The name knocks something loose in his mind and the pounding builds. He yells wordlessly, backhanding the man with his metal hand.
“Your name is James Buchanan Barnes.”
“Shut up,” he yells, punching the man. His head is pounding and he can’t stand it.
“I’m not gonna fight you,” the man says, dropping his shield. “You’re my friend.”
His mind should be clear and focused like a gun, but instead it’s a whirling mess of thoughts and feelings that he doesn’t even understand. It’s all because of this man and he can’t stand it. He yells, tackling the man to the floor.
“You’re my mission,” he snarls. Maybe if he finishes the mission they’ll wipe him and he won’t have to feel this anymore. So he punches the man. One, two, three, four, five, six times, each more vicious than the last. But then something stops him. He doesn’t understand why, but he can’t bring himself to kill this man.

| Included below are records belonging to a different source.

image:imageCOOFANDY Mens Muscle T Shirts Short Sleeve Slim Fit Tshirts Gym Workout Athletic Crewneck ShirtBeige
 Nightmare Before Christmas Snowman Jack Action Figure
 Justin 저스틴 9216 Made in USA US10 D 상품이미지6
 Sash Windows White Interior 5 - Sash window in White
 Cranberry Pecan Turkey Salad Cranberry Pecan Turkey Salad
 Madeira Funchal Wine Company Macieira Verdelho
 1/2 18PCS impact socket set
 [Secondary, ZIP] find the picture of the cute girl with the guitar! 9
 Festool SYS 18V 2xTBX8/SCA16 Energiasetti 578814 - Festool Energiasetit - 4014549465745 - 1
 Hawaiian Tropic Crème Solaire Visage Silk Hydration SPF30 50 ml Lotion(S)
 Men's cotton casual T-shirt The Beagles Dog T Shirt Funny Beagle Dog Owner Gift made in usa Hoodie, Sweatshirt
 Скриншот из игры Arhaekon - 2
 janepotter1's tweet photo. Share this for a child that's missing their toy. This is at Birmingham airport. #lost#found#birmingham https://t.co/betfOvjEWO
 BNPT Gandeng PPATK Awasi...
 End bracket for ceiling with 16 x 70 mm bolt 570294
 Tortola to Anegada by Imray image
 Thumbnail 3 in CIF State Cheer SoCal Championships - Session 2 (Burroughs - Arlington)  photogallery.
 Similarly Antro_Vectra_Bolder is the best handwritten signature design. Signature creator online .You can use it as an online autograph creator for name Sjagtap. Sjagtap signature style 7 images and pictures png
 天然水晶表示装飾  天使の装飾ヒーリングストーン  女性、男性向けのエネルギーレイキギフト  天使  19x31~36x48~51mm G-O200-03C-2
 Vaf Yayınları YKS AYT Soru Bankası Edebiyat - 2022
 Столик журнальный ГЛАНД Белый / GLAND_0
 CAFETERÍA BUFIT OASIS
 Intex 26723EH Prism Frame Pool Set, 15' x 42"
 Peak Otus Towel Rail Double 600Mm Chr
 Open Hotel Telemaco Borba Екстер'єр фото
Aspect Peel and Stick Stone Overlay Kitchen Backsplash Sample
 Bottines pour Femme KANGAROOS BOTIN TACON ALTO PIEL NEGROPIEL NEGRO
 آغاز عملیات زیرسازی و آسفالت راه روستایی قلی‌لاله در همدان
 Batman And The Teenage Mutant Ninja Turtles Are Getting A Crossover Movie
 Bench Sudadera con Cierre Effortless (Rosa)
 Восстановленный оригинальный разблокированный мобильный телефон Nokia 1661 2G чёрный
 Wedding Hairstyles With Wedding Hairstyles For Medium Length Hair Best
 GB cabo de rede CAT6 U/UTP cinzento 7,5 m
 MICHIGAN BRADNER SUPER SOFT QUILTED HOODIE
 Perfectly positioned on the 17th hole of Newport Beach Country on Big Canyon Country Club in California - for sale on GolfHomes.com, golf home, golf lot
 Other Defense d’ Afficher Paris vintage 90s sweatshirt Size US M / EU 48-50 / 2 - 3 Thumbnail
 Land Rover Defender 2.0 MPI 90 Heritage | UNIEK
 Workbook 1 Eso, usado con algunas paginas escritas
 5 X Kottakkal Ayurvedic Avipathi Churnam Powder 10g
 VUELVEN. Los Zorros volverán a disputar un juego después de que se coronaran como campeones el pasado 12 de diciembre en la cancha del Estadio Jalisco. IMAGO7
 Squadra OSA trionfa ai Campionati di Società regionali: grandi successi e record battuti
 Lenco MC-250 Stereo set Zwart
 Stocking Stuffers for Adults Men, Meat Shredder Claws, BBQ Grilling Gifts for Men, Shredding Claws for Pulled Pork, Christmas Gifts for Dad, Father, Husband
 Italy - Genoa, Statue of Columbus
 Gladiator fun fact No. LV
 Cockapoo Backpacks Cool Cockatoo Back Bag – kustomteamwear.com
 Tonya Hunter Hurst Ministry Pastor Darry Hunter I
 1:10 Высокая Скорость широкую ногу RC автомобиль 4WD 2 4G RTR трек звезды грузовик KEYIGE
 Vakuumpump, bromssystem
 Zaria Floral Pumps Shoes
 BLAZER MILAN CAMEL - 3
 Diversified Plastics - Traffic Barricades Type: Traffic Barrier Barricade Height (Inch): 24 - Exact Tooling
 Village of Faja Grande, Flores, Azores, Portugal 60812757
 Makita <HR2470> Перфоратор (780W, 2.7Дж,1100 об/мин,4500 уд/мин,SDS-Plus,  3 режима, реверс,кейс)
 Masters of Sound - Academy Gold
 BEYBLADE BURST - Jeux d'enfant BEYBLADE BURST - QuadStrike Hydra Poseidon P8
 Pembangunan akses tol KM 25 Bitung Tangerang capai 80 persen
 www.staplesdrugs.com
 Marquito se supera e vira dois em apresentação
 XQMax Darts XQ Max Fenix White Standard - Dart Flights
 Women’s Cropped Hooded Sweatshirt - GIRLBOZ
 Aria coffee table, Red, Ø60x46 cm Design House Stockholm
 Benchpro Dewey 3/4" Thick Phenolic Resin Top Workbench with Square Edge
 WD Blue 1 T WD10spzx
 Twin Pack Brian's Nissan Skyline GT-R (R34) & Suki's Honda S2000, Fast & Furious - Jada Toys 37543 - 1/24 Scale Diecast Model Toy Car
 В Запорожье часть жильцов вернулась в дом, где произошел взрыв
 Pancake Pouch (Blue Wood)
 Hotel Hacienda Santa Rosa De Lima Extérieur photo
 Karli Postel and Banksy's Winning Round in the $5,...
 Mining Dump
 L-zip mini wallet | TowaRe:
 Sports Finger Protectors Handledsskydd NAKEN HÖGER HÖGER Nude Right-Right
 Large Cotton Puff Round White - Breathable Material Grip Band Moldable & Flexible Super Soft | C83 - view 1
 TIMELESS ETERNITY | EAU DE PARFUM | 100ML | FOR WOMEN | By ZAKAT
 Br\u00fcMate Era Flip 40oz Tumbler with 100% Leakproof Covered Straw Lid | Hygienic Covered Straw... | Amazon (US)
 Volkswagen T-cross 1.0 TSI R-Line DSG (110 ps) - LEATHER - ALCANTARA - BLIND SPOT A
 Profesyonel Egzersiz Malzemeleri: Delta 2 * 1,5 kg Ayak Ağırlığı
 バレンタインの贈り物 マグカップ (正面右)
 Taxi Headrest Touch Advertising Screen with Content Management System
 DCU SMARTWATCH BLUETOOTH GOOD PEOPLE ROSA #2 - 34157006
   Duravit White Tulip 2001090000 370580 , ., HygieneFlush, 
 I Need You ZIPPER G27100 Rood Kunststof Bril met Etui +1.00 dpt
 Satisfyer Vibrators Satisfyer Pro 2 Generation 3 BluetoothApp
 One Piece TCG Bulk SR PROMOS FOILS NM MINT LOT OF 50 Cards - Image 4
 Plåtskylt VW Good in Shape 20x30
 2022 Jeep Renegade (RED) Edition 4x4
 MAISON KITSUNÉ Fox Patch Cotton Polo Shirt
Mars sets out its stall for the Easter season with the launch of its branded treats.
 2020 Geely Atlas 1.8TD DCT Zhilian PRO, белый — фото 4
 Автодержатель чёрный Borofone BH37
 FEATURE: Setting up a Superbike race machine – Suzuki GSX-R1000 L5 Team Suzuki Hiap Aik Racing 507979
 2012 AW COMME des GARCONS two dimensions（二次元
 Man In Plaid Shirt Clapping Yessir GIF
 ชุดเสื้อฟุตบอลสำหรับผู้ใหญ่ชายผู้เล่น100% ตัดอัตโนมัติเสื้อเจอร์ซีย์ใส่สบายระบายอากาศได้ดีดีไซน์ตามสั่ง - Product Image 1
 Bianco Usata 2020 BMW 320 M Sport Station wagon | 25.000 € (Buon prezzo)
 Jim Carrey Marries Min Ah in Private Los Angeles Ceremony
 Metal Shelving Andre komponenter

“Then finish it,” the man says, his voice weak, “’cause I’m with you to the end of the line.”
The words trigger something, and he hears them echo in his head, but in a different voice, and he sees the man looking up at him. Except his face is different, younger maybe, or smaller. He comes back to the present, heaving for air like a man drowning. I know him, he thinks, eyes widening, but before he can say anything, there’s a crash and the man is falling.
Steve is falling.
The name leaps unbidden into his mind, and he’s paralyzed for a moment by this newfound knowledge as he watches the man falling.
Steve is falling.
Without thinking, he jumps, diving into the water, grabbing a strap on the shoulder of that star-spangled suit with his metal arm, and dragging the man to shore. He looks down at the bruised and bloody face for a moment, thinking, I know him. But as soon as the man breathes again, he turns to leave because he doesn’t understand what’s happening. He limps down the shore, holding his non-metal arm close to his body, awkwardly. His shoulder is dislocated, he thinks with detachment, but he can’t feel the pain past the pounding in his head.
He doesn’t understand what’s happening to him, so he disappears.